An answer of “often” on any of these or “sometimes” on two or more indicates that the patient may have significant levels of loneliness and isolation. 

Rivia Mind: Your Partner in Mental Health Care for Men

At Rivia Mind, we specialize in working with individuals navigating loneliness, depression, anxiety, and identity-related challenges. Our clinical team includes psychiatric providers and therapists who collaborate to offer personalized, evidence-based care for every patient.
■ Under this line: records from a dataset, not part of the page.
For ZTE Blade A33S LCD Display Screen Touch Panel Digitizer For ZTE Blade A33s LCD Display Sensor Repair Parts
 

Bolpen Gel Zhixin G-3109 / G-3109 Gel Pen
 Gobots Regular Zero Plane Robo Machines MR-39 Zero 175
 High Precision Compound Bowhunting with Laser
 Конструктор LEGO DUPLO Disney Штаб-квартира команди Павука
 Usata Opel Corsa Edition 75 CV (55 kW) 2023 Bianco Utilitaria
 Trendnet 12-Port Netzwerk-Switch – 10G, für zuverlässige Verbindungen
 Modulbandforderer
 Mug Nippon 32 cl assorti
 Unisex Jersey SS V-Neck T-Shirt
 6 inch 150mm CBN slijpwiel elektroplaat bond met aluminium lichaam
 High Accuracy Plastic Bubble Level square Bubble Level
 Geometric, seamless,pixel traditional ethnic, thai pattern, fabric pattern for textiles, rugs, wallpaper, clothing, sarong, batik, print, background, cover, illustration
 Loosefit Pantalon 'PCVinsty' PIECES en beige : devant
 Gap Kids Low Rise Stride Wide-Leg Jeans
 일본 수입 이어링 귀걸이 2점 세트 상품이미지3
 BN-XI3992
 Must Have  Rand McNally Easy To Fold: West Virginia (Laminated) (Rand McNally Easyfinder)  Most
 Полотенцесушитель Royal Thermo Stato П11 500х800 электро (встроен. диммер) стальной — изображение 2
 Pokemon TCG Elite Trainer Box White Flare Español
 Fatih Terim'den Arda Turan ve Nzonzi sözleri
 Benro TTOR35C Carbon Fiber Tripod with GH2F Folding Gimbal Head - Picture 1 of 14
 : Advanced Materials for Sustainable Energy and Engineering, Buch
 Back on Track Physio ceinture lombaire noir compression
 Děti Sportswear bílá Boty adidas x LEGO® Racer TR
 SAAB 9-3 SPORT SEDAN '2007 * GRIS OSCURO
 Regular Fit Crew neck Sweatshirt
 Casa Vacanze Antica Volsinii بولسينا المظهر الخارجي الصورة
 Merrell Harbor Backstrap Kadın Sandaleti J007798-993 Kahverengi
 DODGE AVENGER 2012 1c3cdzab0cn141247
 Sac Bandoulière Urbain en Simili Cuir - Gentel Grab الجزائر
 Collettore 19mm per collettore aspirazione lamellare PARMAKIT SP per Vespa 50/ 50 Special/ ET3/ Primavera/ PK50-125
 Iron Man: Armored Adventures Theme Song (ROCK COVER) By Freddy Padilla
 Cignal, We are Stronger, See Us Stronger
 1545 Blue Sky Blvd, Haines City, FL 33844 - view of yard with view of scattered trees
We take an integrated, whole-person approach:

  • Talk therapy to build emotional insight, relational skills, and meaning
  • Medication support, when needed, to address depression, anxiety, and neurobiological impacts of isolation
  • Flexible care delivery, including virtual and in-person appointments
  • Low-cost options for patients without insurance

Many of our clinicians have experience working specifically with men across different life stages, from college-age individuals to new fathers, remote workers, and retirees. We know how to engage patients who may be hesitant to talk and how to create space for meaningful change.

Supporting Your Patients so They Don’t Have to Manage This Alone

Loneliness is one of the quiet drivers behind the mental health crisis today, and for many men, it’s hidden in plain sight. This Men’s Health Month, we’re reminded that physicians may be the front line in diagnosing men’s mental health issues.

If you’re seeing a patient who might be silently struggling, reach out. Let’s work together to ensure they get the mental health support they need.

Refer to Rivia Mind today and let’s help your patients, especially the men who may not always ask for help, reconnect with themselves, others, and the life they want to live.

Resources: 

  1. Bruss KV, Seth P, Zhao G. Loneliness, Lack of Social and Emotional Support, and Mental Health Issues — United States, 2022. MMWR Morb Mortal Wkly Rep 2024;73:539–545. DOI: http://dx.doi.org/10.15585/mmwr.mm7324a1 
  2. Murthy V. Our Epidemic of Loneliness and Isolation: The U.S. Surgeon General’s Advisory on the Healing Effects of Social Connection and Community. Office of the US Surgeon General; 2023.
  3. Hughes ME, Waite LJ, Hawkley LC, Cacioppo JT. A short scale for measuring loneliness in large surveys: results from two population-based studies. Res Aging. 2004;26(6):655-672.